January 30, 2014
It didn't take long for the Abbott Coalition and its conservative supporters to launch the attacks on the ABC in order to prepare the ground to cut its budget and its wings (ie., strip the ABC of its international broadcasting service).
The ABC is being cast as the enemy within because it is seen to be supporting the Snowden leaks about Australian spying (Snowden is deemed to be a traitor), and airing the allegations against the Australian navy by asylum seekers. The ABC is taking sides and in doing so it is un-Australian.
The rhetoric makes little sense. Thus Tony Abbott says that the ABC "appears to take everybody's side but our own''; that it lacks ''at least some basic affection for the home team'' and that the ABC should confine itself to being a ''straight news gathering and news reporting organisation.

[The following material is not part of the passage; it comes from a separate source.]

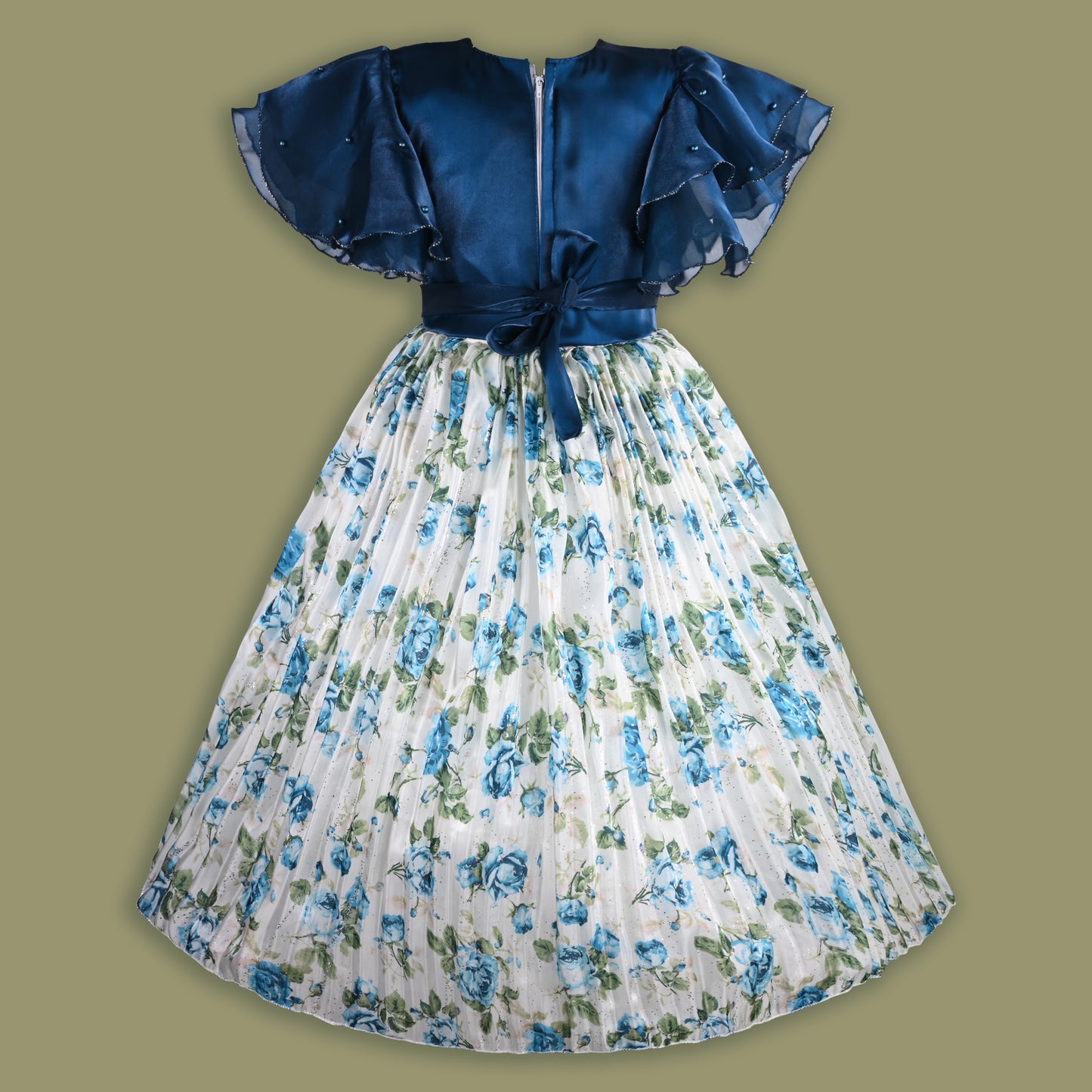 Girls Ethnic Dress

There's a contradiction right there The ABC cannot confine itself to being a straight news gathering and news reporting organisation'', whilst simultaneously displaying its affection ''for the home side''. The latter implies being more more patriotic and therefore telling untruths if the home side has done wrong.
The sense that it does make is that News Corp will be rewarded for its service in helping the Coalition gain power. News Corp wants the ABC out of digital publishing (its cannibalising the local media landscape in the sense that its ongoing digital expansion threatens News Corps' business) and out of international broadcasting (ie.,delivering the Australia Network to the Asia-Pacific region). It's payback time. That's the politics.

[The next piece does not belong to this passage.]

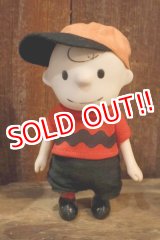 画像: ct-260401-36 Charlie Brown / 1960's Pocket Doll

In attacking the most trusted news organisation in the country, Abbott has chosen to ally himself with the least trusted. So we can infer from this that the Coalition have no interest in a journalism that is centred around journalists being truth-tellers, sense-makers and explainers.

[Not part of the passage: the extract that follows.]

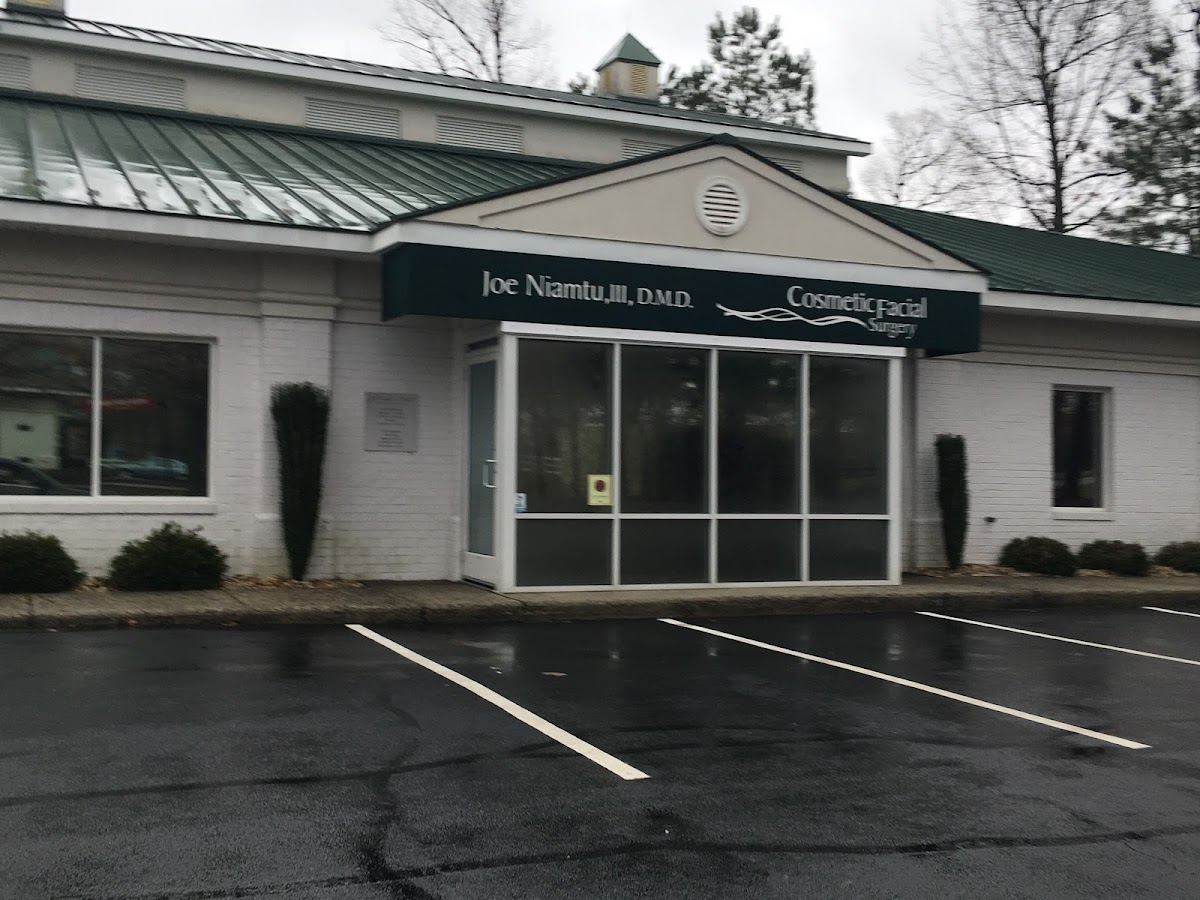 Ross N. Wlodawsky, DDS photo 2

This is important because we know realize that digital publishing is its own thing, not an additional platform for established news companies like News Corp. It's a web-first future now--a good example is the Guardian Media Group which has had a digital-first strategy for two years (this means that GMG takes resources away from print and invests them in digital); and it is in the second year of its five-year transformation programme to put Guardian News and Media on a more sustainable financial footing.
The Guardian Media Group see the decline of print as inexorable –ie., (circulation and advertising revenues in print continue to fall throughout the sector as readers and advertisers embrace new technologies and digital platforms). In contrast, digital revenue and readership is growing.A digital-first strategy is interpreted by the Guardian Media Group commitment to an 'open' journalism model, which sees the newspaper networked and linked with the rest of the web. Open journalism for them means editorial content which is collaborative, linked into and networked with the rest of the web.
So the ABC is never going to vacate the digital space. Nor will it be privatised. As Jack Waterford states Abbott's attack on the ABC is at odds with those:
Millions of Coalition voters [who] listen to the ABC and many of them, rural, regional, urban and inner urban, are passionate about it. But the civilised world view of the typical ABC listener is increasingly at odds with the angry and resentful ''anti-elitist'' and pseudo-nationalistic neo-liberal view of the world being heavily promoted by New Newscorp newspapers and the shock jocks, and adopted by many, but far from all figures in the government. There is an increasing divergence between the generally tolerant, humane, liberal and civilised culture of the classic ABC listener and the strident, cranky and increasingly anti-intellectual constituency to which some in the Coalition is pitching itself.
This constitiuency has been persuaded by the Murdoch press that they has been missing out or ignored in the ''national conversation''; a press that is e promoting a model of a divided, atomised and divisive society.